Joan Ganz Cooney
Join the SCV Senior Center for a historical reenactment of the Joan Ganz Cooney, considered the “Founding Mother of Educational Television,” on Thursday May 25 from 1:00 to 2:00 p.m. in Rooms A-1 and A-2 at the SCV Senior Center.
Louise Willard, a member of the American Association of University Women who brings notable women in history to life, will bring Cooney to life.
Born in 1929, Joan Ganz Cooney first created TV programming as a documentary producer for public television. She cared about matters of race, injustice, and the imbalance of opportunity. Through her work, she began to think about television as a teaching medium.

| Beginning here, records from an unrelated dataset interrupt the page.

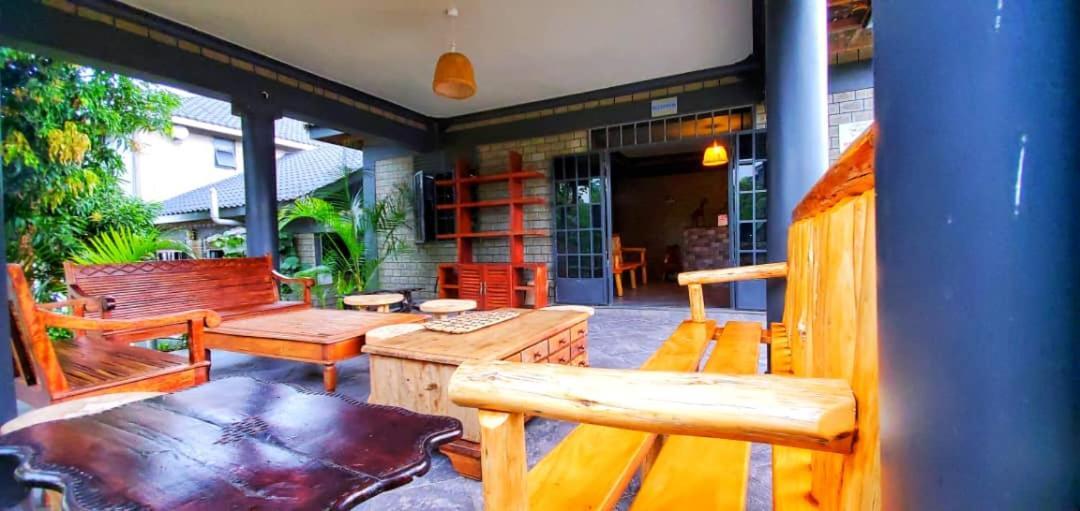 Gipir And Labongo Safari Lodge Ltd Pakwach Ngoại thất bức ảnh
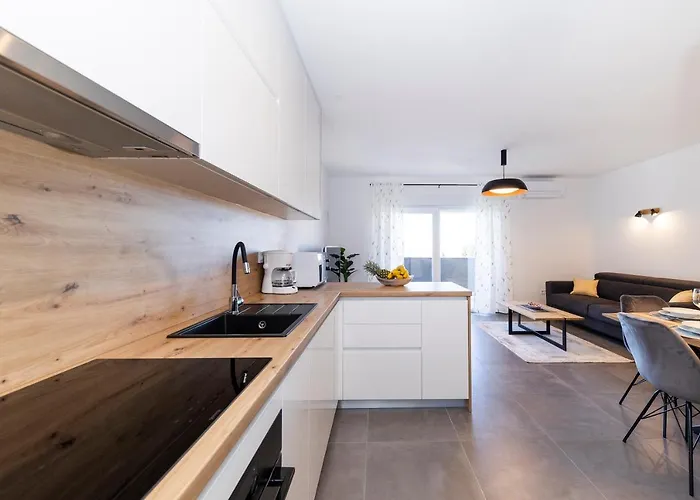 Apartment Diadora Zadar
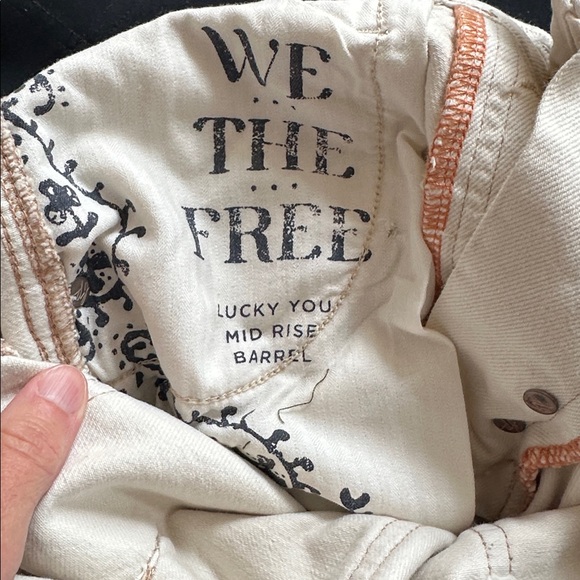 We the Free Lucky You Mid Rise Barrel denim by Free People sz 27 EUC - Picture 10 of 10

After conducting a formal study on the subject, she used her findings to help convince others of television’s potential for children, and—with financial assistance from the Carnegie Corporation, the U.S. Department of Education and the Ford Foundation—she established the Children’s Television Workshop (CTW) in 1968. With her vision beginning to take shape, Cooney immediately set to work producing its first series, the perennial favorite Sesame Street.

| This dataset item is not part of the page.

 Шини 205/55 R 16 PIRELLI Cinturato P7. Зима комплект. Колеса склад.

As one of the first female executives in American television, her appointment was called “one of the most important television developments of the decade.” In 1990, she was the first female non-performer to be inducted into the Academy of Television Arts & Sciences Hall of Fame and was given the Presidential Medal of Freedom by President Bill Clinton in 1995.
Join AAUW’s Louise Willard for this fascinating reenactment.